You may also want to tell your boss about your pregnancy if your job requires you to do tasks that could be dangerous for a pregnant lady. I worked with essential oils and they can be very dangerous in the first few weeks or even some throughout pregnancy. I also wanted them to know if I throwing up all over the place, why that was.

After my friend shared the news of her pregnancy with me, I thought back to the many exhausting days that came in the first trimester with a toddler. With her telling me about her pregnancy so early on, I would be able to help her out by maybe doing the odd nursery run or much needed child break when you feel like death and need to be only lying on the couch. If she hadn’t told me, I wouldn’t have been able to offer her my help during these few weeks that really do suck big hairy balls.
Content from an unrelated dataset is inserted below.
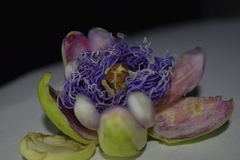 Passiflora quadrangularis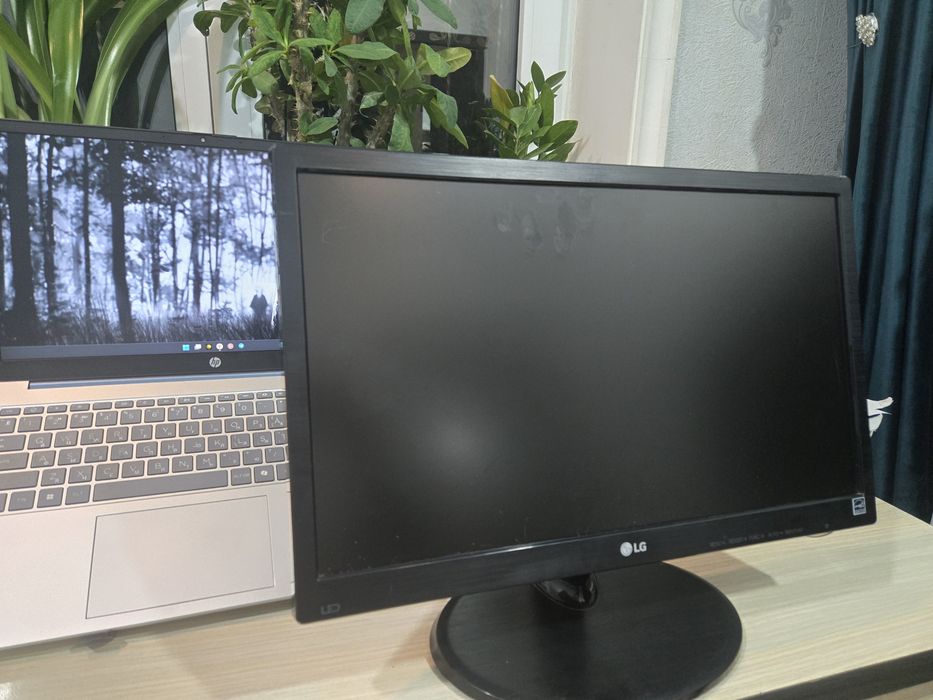 Широкоформатный монитор 18.5" LG 19M38A-B (LED)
As far as rules go, I don’t believe that a woman should feel bad for telling friends and family they may need support at this time. I told close friends and family almost immediately due to the my recent miscarriages I felt I needed the support “just in case” but decided not to announce it on social media at all, this worked as due to my anxiety of miscarrying again I was worried about having to tell well meaning people my disappointing news again and making them feel uncomfortable, again.


Announcing your pregnancy can be done in any you are most comfortable with. One of the biggest reasons telling of your pregnancy early is that if the worst was to happen, you would have their love and support in that awful time. I found out how strong a women I was after going through my miscarriages but I am so glad I had everyone around me when they happened, my friends were there when i needed their support with dealing with my recent losses. While risks of miscarriage lessen as time goes on, losing a child at any point during pregnancy is difficult to endure—let alone without a support network that is aware of your struggle.

We are silenced in grief for a baby we never got to hold or even talk about.

The beginning of pregnancy can be both exciting and scary. Try to relax and enjoy the start of a new beginning. A lot of women choose to tell of their pregnancy after the first scan at 12 weeks because the risk of miscarriage is reduced and their “bump” is making an appearance. The choice is up to you though, I feel many will still choose to tell at 12 weeks as “that’s just what you do”.


Whether or not you tell the whole world right away, make sure to tell your doctor if you’re pregnant or trying to get pregnant. Go to your appointments, take your folic acid and vitamin D, and try and keep up with eating well and exercise, easier said than done if every food but chips and pasta make you sick.

Try to take care of yourself, do what’s right for you. No matter when you decide to talk, it’ll always be a reason to celebrate.